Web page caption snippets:
--------

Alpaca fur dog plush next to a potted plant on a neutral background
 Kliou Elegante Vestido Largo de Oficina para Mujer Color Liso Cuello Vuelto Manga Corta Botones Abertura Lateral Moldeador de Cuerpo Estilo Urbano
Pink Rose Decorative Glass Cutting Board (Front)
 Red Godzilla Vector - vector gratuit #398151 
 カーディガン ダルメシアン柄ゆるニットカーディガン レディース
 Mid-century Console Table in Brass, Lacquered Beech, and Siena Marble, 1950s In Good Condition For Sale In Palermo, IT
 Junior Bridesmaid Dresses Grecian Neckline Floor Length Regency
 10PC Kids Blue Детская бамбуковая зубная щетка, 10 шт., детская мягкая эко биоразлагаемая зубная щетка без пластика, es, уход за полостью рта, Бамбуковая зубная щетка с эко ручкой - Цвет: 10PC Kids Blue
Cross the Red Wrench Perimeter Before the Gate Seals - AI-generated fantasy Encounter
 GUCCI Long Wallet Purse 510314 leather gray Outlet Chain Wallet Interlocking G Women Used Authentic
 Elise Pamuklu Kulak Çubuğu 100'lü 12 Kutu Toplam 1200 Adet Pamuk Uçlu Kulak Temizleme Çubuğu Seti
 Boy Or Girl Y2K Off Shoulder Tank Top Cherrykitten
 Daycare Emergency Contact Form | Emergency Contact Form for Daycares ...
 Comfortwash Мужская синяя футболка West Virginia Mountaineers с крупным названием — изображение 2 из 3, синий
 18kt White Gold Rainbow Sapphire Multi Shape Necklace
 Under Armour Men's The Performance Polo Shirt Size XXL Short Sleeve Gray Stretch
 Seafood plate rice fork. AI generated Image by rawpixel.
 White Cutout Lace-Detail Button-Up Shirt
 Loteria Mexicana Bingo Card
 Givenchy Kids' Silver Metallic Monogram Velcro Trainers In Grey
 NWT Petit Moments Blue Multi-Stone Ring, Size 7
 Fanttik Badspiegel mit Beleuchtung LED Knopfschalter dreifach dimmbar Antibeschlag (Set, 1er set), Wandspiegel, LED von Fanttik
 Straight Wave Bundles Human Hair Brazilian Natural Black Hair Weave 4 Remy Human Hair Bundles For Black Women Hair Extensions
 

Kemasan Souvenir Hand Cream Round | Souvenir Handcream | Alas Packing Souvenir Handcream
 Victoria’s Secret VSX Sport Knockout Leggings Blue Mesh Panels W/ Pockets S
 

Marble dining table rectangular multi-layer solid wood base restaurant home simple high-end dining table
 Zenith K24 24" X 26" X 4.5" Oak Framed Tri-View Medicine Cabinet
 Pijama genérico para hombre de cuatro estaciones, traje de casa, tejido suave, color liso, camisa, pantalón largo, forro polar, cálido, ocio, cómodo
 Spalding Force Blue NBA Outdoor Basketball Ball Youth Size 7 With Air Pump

--------

- [Activity]: Locate the word "Kids" in the data above. Copy every line carrying it.

- [Response]:
 10PC Kids Blue Детская бамбуковая зубная щетка, 10 шт., детская мягкая эко биоразлагаемая зубная щетка без пластика, es, уход за полостью рта, Бамбуковая зубная щетка с эко ручкой - Цвет: 10PC Kids Blue
 Givenchy Kids' Silver Metallic Monogram Velcro Trainers In Grey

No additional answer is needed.